En revanche, s’il a des avis sur telle ou telle question diplomatique, il préfère les donner autorités gouvernementales à huis clos. Une posture qui rappelle bien celle du président Diouf qui a toujours refusé de se prononcer sur la politique au Sénégal pour dit-il ne pas gêner son successeur d’alors, le président Wade.

Promoteur de l’Institut panafricain de stratégie (IPS), face au terrorisme en Afrique, Gadio préconise la mutualisation des moyens avec une force spéciale qui puisse rendre la pièce de la monnaie aux djihadistes après chaque attaque tel que le font les pays occidentaux.

Je danserai la salsa jusqu’à mes 90 ans

Féru de la musique cubaine, Cheikh Tidiane Gadio connait du bout des doigts  les géants de cette musique tels Abelardo Barroso, Compay Segundo, Pancho El Bravo, Ibrahim Ferrer, Orquesta Aragón, Richard José Fajardo, Eguest qui l’a reçu chez lui à Cuba et qu’il avait prévu d’inviter au Sénégal.
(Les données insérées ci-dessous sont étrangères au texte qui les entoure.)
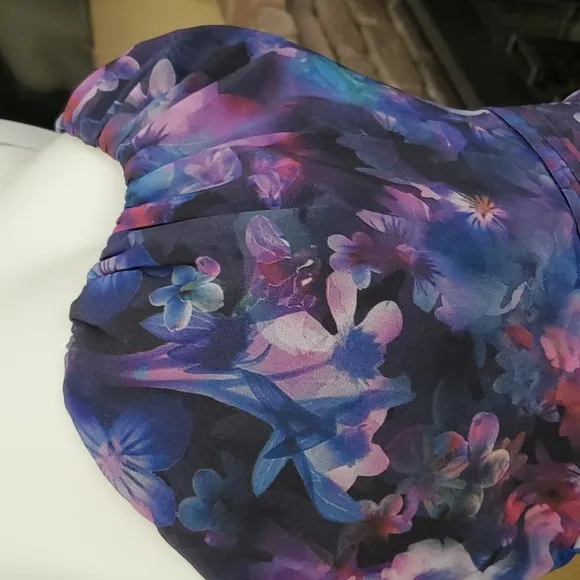🆕️ GUESS Bombay Floral Asymmetrical Strapless Dress SIZE: 6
Seulement l’intéressé  a quitté ce monde.

«Grand danseur de salsa», Gadio espère qu’il vivra 90 ans et qu’il prendra toujours son « épouse pour  faire un tour de  la salsa  ensemble» et ce, jusqu’à «la fin de ses jours»

Au Sénégal,  Gadio est aussi un fan de certains musiciens comme Laba Sosseh, Sabaly, James Gadiaga, Mar Seck. Gadio à emmener la plus part d’entre eux à Cuba y compris fait soigner certains sur l’île.

Candidat à la présidentielle de 2012 sous la bannière du MPCL, Gadio fait partie de ceux qu’on peut appeler « petit candidat ».  Il a fait un score peu satisfaisant avant de se rallier à Macky Sall au second tour. Mais avec  cette affaire qui lui tombe sur la tête, Cheikh Tidiane Gadio va-t-il pouvoir rebondir surtout sur le plan politique et quelle que soit l’insu de cette affaire de corruption.